Remarquons enfin qu'on attribue la moralité aux personnes aussi-bien qu'aux actions ; et comme les actions sont bonnes ou mauvaises, justes ou injustes, l'on dit aussi des hommes qu'ils sont vertueux ou vicieux, bons ou mécans. Un homme vertueux est celui qui a l'habitude d'agir conformément à ses devoirs. Un homme vicieux est celui qui a l'habitude opposée. Voyez VERTU et VICE. (D.J.)

MORALITE, (Apologue) la vérité qui résulte du récit allégorique de l'apologue, se nomme moralité. Elle doit être claire, courte et intéressante ; il n'y faut point de métaphysique, point de périodes, point de vérités trop triviales, comme serait celle-ci, qu'il faut ménager sa santé.

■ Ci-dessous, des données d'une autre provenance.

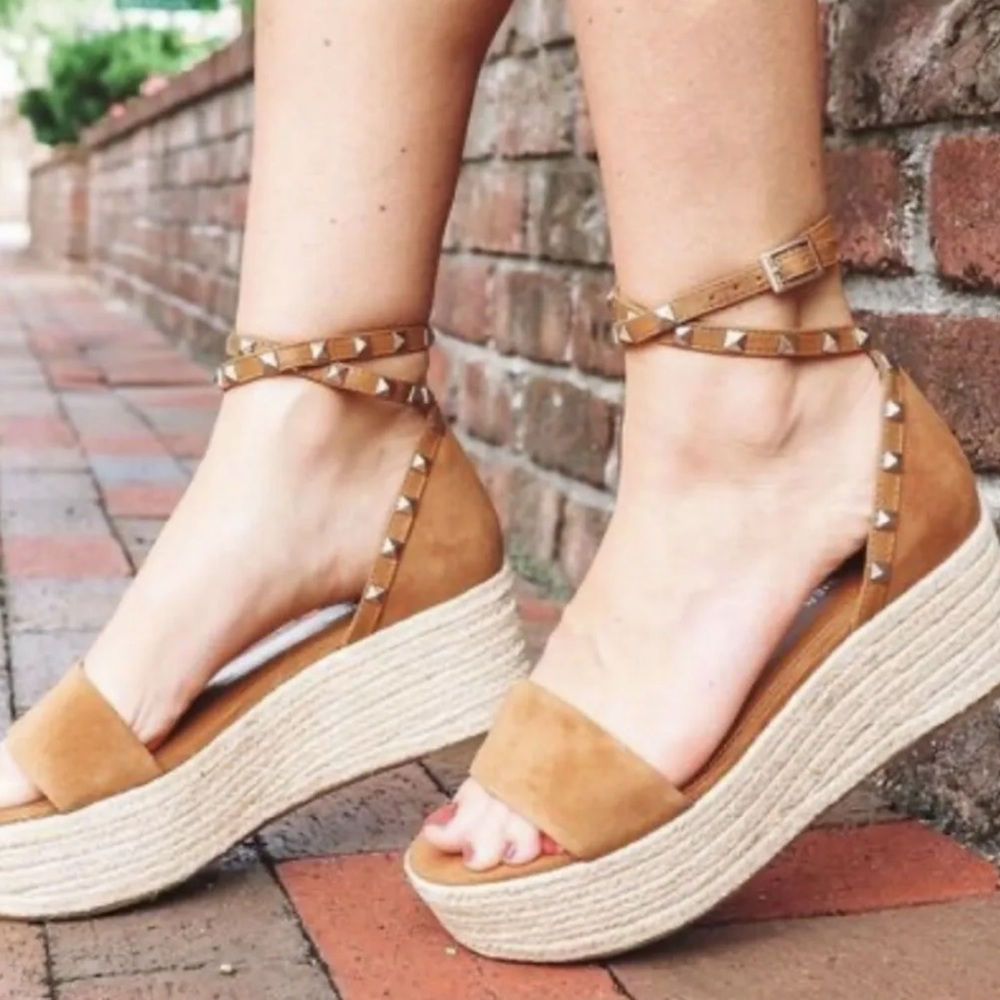 Marc Fisher Jazlyn Light Brown Wedge Shoes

Phèdre et la Fontaine placent indifféremment la moralité, tantôt avant, tantôt après le récit, selon que le goût l'exige ou le permet. L'avantage est à peu-près égal pour l'esprit du lecteur, qui n'est pas moins exercé, soit qu'on la place auparavant ou après. Dans le premier cas, on a le plaisir de combiner chaque trait du récit avec la vérité ; dans le second cas, on a le plaisir de la suspension : on devine ce qu'on veut nous apprendre, et on a la satisfaction de se rencontrer avec l'auteur, ou le mérite de lui céder, si on n'a point réussi.

MORALITES, (Théâtre français) c'est ainsi qu'on appela d'abord les premières comédies saintes qui furent jouées en France dans le XVe et XVIe siècles. Voyez COMEDIES SAINTES.

Au nom de moralités, succéda celui de mystères de la passion. Voyez MYSTERES DE LA PASSION.

Ces pieuses farces étaient un mélange monstrueux d'impiétés et de simplicités, mais que ni les auteurs, ni les spectateurs n'avaient l'esprit d'apercevoir. La Conception à personnages, (c'est le titre d'une des premières moralités, jouée sur le théâtre français, et imprimée in -4°. gothique, à Paris chez Alain Lotrian,) fait parler ainsi Joseph :

Mon soulcy ne se peut deffaire

de Marie mon épouse saincte

Que j'ai ainsi trouvée ençainte,

Ne sçay s'il y a faute ou non.

....

De moi n'est la chose venue ;

Sa promesse n'a pas tenue.

....

Elle a rompu son mariage,

Je suis bien infeible, incrédule,

Quand je regarde bien son faire,

De croire qu'il y ait meffaire.

Elle est ençainte, et d'où viendrait,

Le fruit ? Il faut dire par droit,

Qu'il y ait vice d'adultère,

Puisque je n'en suis pas le père.

....

Elle a été troys moys entiers

Hors d'icy, et au bout du tiers

Je l'ai toute grosse receuè :

L'aurait quelque paillard déceuè,

Ou de faict voulu efforcer ?

Ha ! brief, je ne sçay que penser !

Voilà de vrais blasphêmes en bon français ! Et Joseph allait quitter son épouse, si l'ange Gabrièl ne l'eut averti de n'en rien faire.

Mais qui croirait qu'un jésuite espagnol, du XVIIe siècle, Jean Carthagena, mort à Naples, en 1617, ait débité dans un livre, intitulé Josephi mysteria, que S. Joseph peut tenir rang parmi les martyrs, à cause de la jalousie qui lui déchirait le cœur, quand il s'aperçut de jour en jour de la grossesse de son épouse. Quelle porte n'ouvre-t-on point aux railleries des profanes, lorsqu'on ose faire des martyrs de cette nature, et qu'on expose nos mystères à des idées d'imagination si dépravée ! (D.J.)